How many factors does $36^2$ have

Question

How many factors does $36^2$ have

$(A)2 \\ (B)8 \\ (C)24 \\ (D)25 \\ (E)26$

---

$36^2=2^4\times3^4$
How do i count the number of factors?I don't know.

Answer 1

The counting of factors is to be done in the following way:

As you have written, $$36^2=2^4 \times 3^4$$ Hence you have $4$ $2$'s and $4$ $3$'s as prime factors. So all factors of $36^2$ possible are different combinations of these $8$ factors.
To form the factors, you can choose one $2$, or two $2$'s, or three $2$'s, or four $2$'s, or none of them.
So you have $4+1=5$ choices.
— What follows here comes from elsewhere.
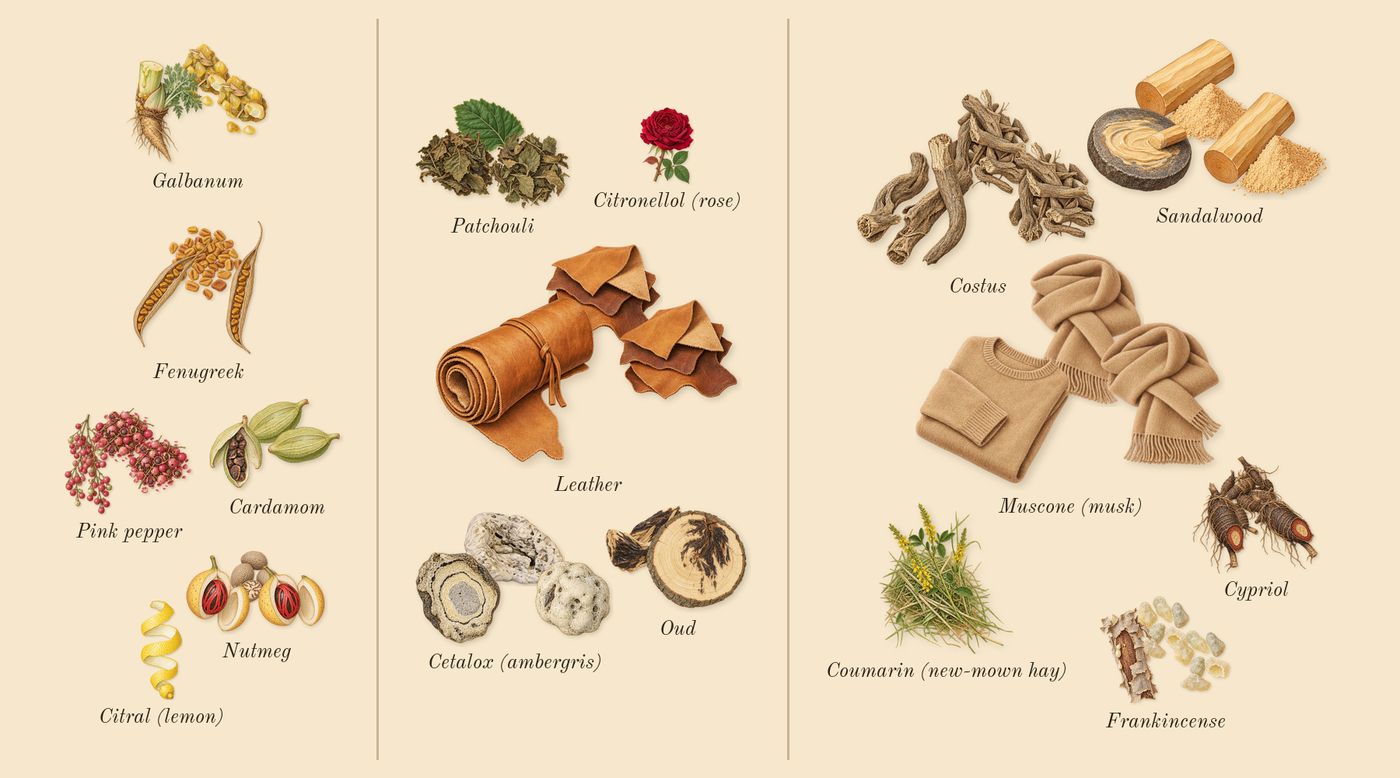 Opus VII Reckless Leather’s scent picture, a draft: galbanum, pink pepper, cardamom, nutmeg, fenugreek, oud drawn so far; dashed outlines where nothing is drawn yet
Similarly, you can choose one $3$, and so on.
In this way, you have $(4+1)(4+1)$ choices for the $8$ prime factors.
Thus the total number of factors = $(4+1)(4+1)=25$

Answer 2

It can be written as $2^4.3^4$ so now total factors are $(p_1+1)(p_2+1)$ where $p_i$ represents powers of prime thus total factors $(4+1)(4+1)=25$ thus option D

Answer 3

The question is ambiguous - do you mean prime factors or divisors?

---

If you mean prime factors, then $36^2$ has the same amount as $36$ (that is, $2$ prime factors).

---

If you mean divisors, then each of the $2$ prime factors can appear in each divisor between $0$ and $4$ times, hence there are $5^2=25$ divisors:

• $2^0\cdot3^0$
• $2^0\cdot3^1$
• $2^0\cdot3^2$
• $2^0\cdot3^3$
• $2^0\cdot3^4$
• $2^1\cdot3^0$
• $2^1\cdot3^1$
• $2^1\cdot3^2$
• $2^1\cdot3^3$
• $2^1\cdot3^4$
• $2^2\cdot3^0$
• $2^2\cdot3^1$
• $2^2\cdot3^2$
• $2^2\cdot3^3$
• $2^2\cdot3^4$
• $2^3\cdot3^0$
• $2^3\cdot3^1$
• $2^3\cdot3^2$
• $2^3\cdot3^3$
• $2^3\cdot3^4$
• $2^4\cdot3^0$
• $2^4\cdot3^1$
• $2^4\cdot3^2$
• $2^4\cdot3^3$
• $2^4\cdot3^4$

Answer 4

Considering the prime decomposition of the number,

$$36^2=2^4\cdot3^4$$

you can form distinct factors by combining all possible multiplicities of the primes, including $0$, $2^0\cdot3^0,2^1\cdot3^0,\cdots2^3\cdot3^2\cdots2^4\cdot3^4$. There are $5\cdot5=25$ such combinations (counting $1$ and $36^2$).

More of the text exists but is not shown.